YE’CÜC VE ME’CÜC HER AN ÇIKMA İSTİDADINDADIR
Nevvâs b. Sem’ân’ın (ra) rivâyet ettiği oldukça uzun bir hadîs vardır. Bu hadiste Peygamber Efendimiz (asm) deccaldan bahseder. Deccalin fitnesinin dehşeti hakkında, “ben aranızda bulunmazken çıkacak olursa herkes kendi nefsinin müdâfii durumunda olacaktır.” buyurur. Sonra oldukça uzun ve müteşâbih bilgiler verir.

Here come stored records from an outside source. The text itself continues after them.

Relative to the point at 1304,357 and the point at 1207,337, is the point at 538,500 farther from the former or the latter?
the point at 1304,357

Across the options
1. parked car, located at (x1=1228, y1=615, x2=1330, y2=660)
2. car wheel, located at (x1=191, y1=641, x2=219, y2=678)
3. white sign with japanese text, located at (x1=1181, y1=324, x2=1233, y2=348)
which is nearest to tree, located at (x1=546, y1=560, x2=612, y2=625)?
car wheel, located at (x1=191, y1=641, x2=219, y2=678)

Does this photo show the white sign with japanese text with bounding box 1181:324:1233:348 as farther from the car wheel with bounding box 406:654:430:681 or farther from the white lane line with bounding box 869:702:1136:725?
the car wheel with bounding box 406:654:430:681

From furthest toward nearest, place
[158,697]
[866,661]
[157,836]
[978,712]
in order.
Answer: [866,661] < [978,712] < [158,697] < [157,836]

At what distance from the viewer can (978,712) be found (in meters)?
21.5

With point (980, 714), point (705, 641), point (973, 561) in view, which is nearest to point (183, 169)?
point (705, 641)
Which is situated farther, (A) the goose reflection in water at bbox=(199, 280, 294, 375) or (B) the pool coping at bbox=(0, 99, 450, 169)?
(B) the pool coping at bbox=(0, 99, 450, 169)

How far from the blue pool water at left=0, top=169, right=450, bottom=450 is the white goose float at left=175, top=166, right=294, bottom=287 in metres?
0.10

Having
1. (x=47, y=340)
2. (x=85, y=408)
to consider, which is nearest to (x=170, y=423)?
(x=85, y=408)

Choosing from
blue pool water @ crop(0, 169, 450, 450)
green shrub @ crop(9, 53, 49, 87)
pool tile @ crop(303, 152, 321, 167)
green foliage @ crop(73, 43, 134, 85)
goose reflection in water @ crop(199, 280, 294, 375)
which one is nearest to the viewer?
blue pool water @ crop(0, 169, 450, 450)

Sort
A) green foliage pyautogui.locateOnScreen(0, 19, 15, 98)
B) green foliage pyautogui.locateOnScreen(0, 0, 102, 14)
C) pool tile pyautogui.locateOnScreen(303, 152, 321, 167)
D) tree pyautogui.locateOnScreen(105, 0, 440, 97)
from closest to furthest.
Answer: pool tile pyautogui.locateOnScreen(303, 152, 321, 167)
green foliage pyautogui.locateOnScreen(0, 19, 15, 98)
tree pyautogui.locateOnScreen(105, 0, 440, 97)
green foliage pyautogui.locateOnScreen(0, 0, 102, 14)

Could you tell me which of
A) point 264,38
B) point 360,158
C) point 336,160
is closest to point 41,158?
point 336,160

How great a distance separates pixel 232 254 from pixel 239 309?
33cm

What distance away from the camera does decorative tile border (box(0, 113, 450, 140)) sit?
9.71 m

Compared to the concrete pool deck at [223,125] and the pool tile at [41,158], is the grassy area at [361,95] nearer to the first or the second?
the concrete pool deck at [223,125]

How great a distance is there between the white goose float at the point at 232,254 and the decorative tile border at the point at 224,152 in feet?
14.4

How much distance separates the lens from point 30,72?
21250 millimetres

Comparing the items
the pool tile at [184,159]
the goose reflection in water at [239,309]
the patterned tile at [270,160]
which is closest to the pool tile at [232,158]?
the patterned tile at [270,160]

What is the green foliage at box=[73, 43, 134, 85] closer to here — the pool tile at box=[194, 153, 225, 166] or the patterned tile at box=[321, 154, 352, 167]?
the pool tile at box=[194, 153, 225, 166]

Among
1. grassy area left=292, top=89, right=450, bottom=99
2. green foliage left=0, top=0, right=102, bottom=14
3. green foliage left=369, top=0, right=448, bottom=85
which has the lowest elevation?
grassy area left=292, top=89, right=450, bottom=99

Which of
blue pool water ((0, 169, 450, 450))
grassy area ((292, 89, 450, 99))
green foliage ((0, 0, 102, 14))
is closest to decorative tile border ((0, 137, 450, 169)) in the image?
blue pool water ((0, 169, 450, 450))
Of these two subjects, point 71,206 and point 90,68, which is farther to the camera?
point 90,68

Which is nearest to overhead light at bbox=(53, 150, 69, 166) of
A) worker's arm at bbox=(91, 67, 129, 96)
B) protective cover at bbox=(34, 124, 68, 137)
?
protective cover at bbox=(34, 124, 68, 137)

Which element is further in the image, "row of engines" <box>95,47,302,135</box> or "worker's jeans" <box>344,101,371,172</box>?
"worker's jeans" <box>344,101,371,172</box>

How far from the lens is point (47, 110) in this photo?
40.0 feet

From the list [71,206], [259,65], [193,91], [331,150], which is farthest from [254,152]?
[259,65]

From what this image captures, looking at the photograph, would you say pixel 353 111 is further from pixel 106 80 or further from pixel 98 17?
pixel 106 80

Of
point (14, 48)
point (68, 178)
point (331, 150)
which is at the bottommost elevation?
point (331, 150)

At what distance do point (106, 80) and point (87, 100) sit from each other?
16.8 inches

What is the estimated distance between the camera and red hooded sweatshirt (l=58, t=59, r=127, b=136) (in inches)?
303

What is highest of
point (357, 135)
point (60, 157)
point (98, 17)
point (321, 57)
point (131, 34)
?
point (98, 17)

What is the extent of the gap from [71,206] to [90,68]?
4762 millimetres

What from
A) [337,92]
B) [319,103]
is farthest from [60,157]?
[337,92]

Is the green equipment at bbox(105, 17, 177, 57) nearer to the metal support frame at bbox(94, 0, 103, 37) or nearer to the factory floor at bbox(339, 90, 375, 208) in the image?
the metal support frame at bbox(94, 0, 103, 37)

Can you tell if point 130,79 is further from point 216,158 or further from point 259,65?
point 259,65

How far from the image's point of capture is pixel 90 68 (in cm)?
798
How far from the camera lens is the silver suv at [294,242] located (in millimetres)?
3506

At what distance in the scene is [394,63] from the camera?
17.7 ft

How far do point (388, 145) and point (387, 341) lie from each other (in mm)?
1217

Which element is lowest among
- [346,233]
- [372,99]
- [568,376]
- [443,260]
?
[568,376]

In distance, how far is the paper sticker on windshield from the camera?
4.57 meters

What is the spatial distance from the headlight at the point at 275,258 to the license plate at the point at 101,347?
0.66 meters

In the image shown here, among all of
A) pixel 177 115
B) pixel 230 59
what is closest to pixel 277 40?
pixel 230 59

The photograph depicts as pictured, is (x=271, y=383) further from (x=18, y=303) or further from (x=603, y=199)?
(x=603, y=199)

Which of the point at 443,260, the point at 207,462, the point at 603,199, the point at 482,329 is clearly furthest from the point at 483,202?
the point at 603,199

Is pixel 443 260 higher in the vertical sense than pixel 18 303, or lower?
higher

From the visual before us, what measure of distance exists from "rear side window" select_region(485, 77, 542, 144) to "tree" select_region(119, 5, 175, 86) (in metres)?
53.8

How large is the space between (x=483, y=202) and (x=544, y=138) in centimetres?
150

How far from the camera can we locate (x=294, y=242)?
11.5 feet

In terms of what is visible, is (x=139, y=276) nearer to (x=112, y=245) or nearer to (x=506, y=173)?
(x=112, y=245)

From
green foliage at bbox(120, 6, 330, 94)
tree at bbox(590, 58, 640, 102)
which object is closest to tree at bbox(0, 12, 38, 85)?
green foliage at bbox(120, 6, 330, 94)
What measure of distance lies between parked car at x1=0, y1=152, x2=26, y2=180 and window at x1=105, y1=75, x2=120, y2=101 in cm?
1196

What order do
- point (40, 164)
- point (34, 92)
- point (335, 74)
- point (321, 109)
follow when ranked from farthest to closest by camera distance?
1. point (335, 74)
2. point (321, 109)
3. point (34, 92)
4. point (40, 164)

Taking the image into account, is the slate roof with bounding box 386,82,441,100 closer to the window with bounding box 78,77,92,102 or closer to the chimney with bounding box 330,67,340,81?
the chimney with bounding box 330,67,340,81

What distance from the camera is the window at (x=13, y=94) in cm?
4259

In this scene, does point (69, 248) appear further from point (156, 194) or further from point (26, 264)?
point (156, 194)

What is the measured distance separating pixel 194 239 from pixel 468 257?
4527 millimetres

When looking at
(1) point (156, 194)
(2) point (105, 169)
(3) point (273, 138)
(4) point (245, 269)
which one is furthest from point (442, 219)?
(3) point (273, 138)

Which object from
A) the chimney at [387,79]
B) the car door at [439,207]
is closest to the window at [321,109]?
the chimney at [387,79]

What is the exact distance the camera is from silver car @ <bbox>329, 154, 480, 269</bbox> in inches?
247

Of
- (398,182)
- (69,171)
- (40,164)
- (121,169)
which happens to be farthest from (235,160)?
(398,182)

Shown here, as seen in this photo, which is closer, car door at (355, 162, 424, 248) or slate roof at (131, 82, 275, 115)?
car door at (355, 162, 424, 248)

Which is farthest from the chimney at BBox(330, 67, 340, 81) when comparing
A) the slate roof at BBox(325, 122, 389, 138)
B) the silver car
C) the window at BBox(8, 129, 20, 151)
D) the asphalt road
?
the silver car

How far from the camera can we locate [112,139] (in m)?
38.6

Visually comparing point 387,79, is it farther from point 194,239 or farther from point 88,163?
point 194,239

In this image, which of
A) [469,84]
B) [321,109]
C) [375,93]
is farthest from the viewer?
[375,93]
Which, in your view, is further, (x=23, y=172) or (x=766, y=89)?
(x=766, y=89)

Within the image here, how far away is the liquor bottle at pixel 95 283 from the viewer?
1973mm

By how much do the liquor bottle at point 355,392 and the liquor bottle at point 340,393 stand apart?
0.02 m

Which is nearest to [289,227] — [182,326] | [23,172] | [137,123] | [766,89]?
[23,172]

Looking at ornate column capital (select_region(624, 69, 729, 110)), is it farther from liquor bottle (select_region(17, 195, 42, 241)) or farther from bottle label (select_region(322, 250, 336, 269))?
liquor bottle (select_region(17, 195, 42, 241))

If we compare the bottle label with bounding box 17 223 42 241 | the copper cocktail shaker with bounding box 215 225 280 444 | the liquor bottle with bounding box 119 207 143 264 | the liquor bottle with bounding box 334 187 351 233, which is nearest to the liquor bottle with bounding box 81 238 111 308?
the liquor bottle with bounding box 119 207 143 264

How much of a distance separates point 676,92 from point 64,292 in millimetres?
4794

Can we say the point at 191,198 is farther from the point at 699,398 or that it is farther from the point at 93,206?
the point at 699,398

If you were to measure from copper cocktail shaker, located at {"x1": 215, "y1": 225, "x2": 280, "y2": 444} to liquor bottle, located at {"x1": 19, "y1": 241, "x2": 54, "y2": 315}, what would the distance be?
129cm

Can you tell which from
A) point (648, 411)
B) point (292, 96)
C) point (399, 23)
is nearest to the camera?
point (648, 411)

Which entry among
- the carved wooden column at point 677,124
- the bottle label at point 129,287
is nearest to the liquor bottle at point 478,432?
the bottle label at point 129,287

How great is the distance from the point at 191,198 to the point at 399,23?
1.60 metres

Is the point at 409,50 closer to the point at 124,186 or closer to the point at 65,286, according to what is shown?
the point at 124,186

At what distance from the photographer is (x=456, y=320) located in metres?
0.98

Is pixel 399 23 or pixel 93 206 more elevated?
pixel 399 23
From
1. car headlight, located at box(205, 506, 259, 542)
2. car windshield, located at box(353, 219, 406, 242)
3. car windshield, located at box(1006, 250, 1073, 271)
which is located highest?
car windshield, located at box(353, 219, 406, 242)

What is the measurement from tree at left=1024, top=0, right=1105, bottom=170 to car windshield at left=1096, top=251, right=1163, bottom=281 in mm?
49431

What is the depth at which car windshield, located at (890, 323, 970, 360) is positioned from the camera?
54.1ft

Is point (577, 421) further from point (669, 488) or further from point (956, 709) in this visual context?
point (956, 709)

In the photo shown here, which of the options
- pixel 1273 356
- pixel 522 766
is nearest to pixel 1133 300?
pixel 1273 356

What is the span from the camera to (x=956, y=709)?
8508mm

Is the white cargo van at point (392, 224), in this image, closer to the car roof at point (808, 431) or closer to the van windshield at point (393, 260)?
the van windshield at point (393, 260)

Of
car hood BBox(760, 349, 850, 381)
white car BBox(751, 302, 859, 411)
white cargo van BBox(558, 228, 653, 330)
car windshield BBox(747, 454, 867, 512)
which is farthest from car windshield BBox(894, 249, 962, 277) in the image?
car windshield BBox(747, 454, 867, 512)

Hazret-i Îsâ’nın (as) ineceğini bildirir. İnsanların şerlilerinden olan Ye’cüc ve Me’cücün kıyâmete yakın yeniden türeyeceğini ve dünyayı fesada vereceğini beyan eder. Bu hadiste Resûl-i Ekrem Efendimiz (asm), Ye’cüc ve Me’cücü “insanların şerlileri” sıfatıyla tanımlar.4
Bediüzzaman (ra), bunu şöyle misallendirir: Çekirge gibi memleketi fesada veren bir afet bir mevsimde pek çok bulunabilir, mevsim değiştikçe o yoğun kabilenin hakikati mahdut bazı fertlerde saklanır. Zamanı geldikçe emr-i İlâhî ile yeniden o mahdut fertlerden gayet çoklukla aynı fesat başlayabilir. Çünkü onların karakterleri ve yapıları böyledir.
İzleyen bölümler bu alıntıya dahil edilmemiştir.